**Task details**
Set down each line from the line holding "12awg Flex Silicon Wire 1m (Black)" to the last line of the entries below, exactly, with both ends included and without pictures.

------------------------------

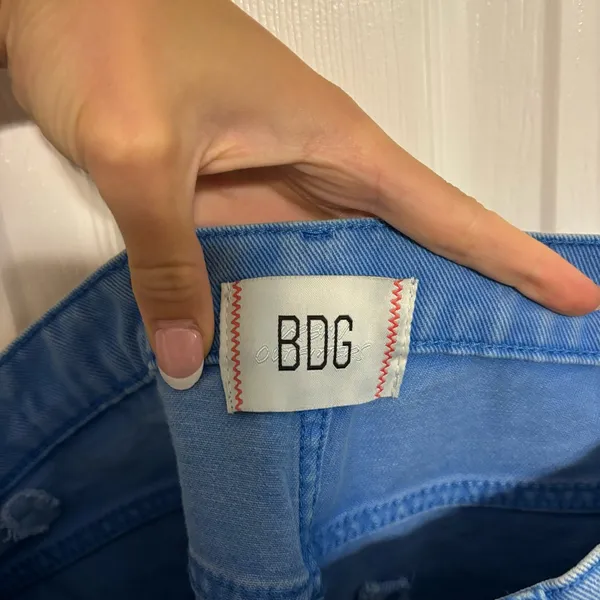 Urban Outfitters BDG Blue Cowboy Jeans - Image 5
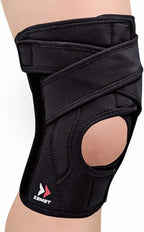 Zamst EK-5 Sports Knee Brace - Adjustable Compression Knee Brace for Men and Women with Lateral Stabilization for General Knee Support and Knee Pain Relief - Large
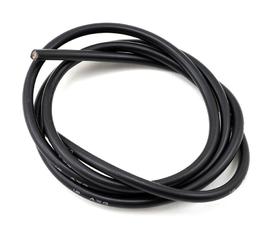 12awg Flex Silicon Wire 1m (Black)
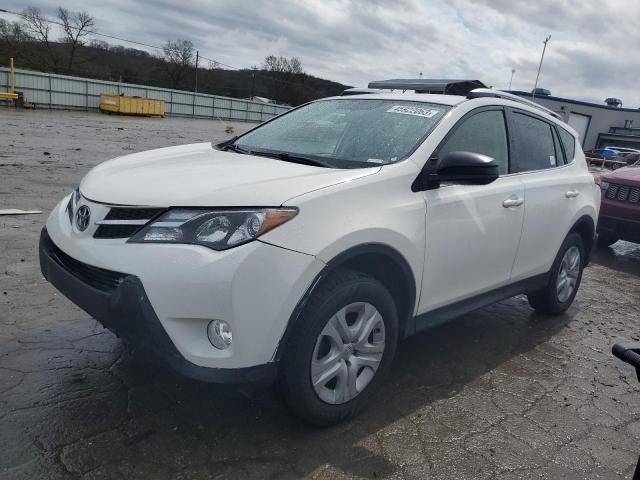 TOYOTA RAV4 LE 2014 jtmbfrev1ed094437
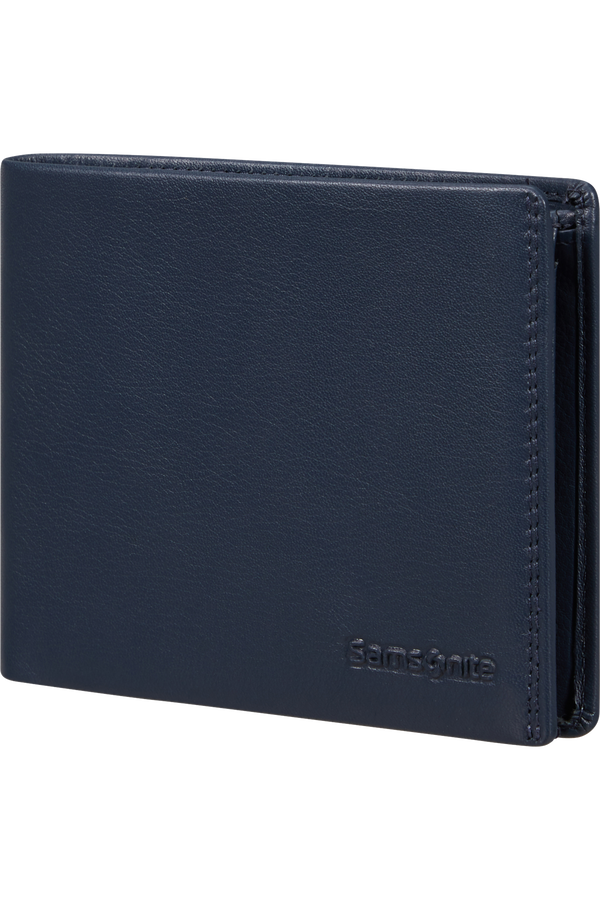 Samsonite Attack 2 Slg 015 - B 4CC+2C+C  Oxford Blau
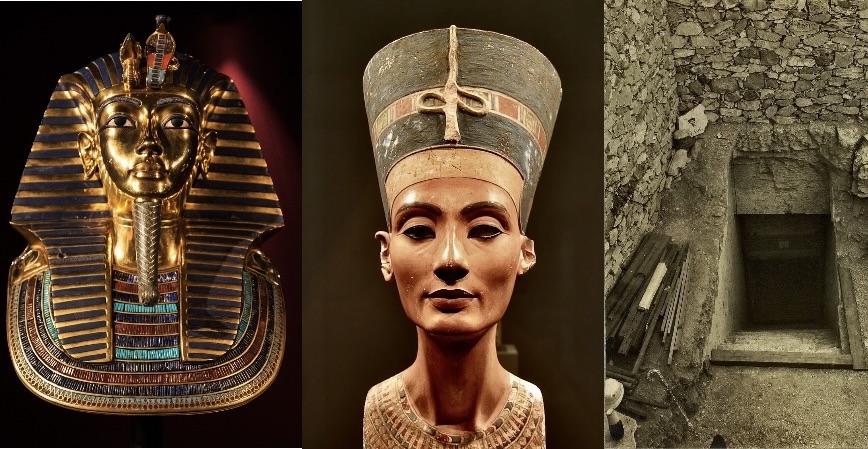 Tutankhamun, Nefertiti, and the Lost Tomb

------------------------------

**Answer space**
 12awg Flex Silicon Wire 1m (Black)
 TOYOTA RAV4 LE 2014 jtmbfrev1ed094437
 Samsonite Attack 2 Slg 015 - B 4CC+2C+C  Oxford Blau
 Tutankhamun, Nefertiti, and the Lost Tomb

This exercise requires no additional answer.